Top of GIVEN ENTRIES

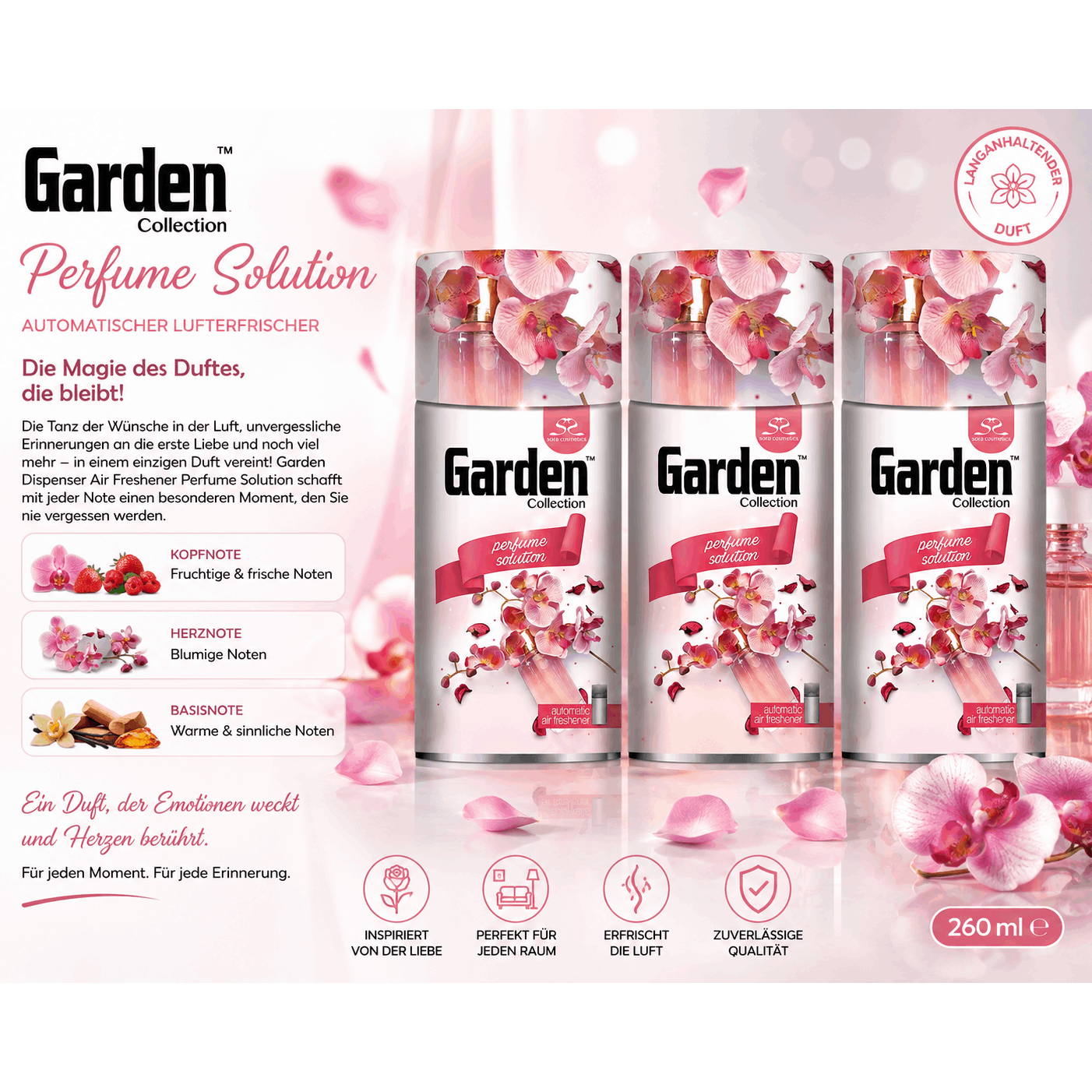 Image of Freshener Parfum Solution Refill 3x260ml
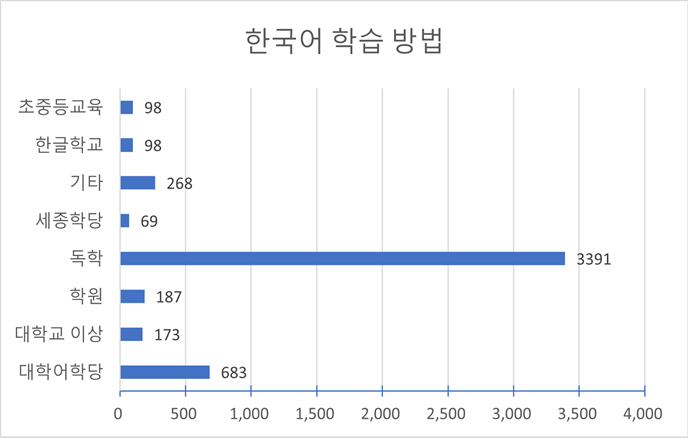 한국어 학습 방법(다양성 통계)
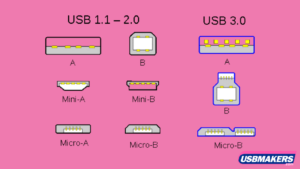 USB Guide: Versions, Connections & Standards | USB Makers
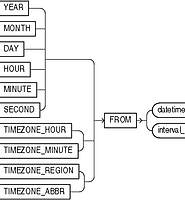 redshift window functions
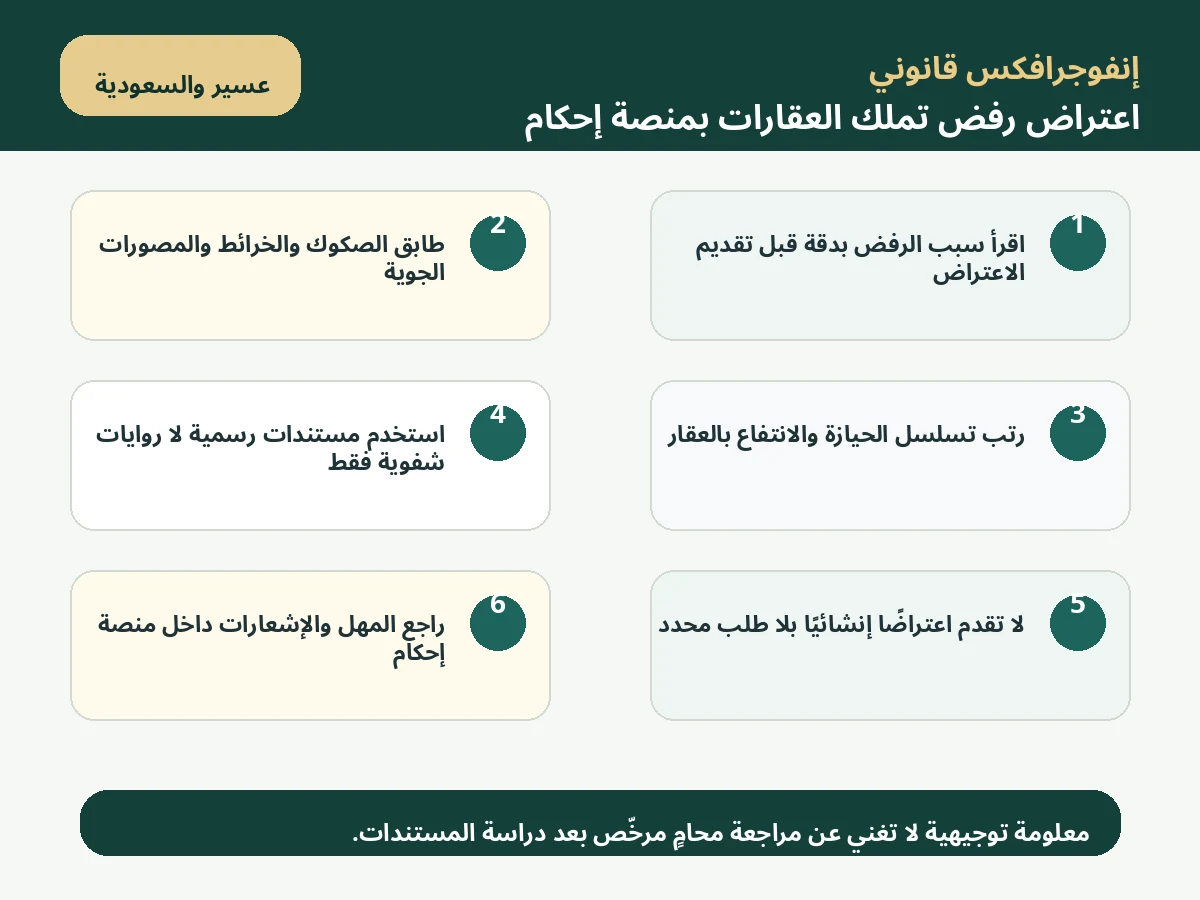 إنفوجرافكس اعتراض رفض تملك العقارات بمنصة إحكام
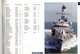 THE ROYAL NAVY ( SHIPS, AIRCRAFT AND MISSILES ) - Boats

Bottom of GIVEN ENTRIES

» **ABOUT THIS TASK**:
Starting at the line with "redshift window functions", write out every line exactly through the final line of the records above, both included, and skip the pictures.

» **RESULT FOR THIS TASK**:
 redshift window functions
 إنفوجرافكس اعتراض رفض تملك العقارات بمنصة إحكام
 THE ROYAL NAVY ( SHIPS, AIRCRAFT AND MISSILES ) - Boats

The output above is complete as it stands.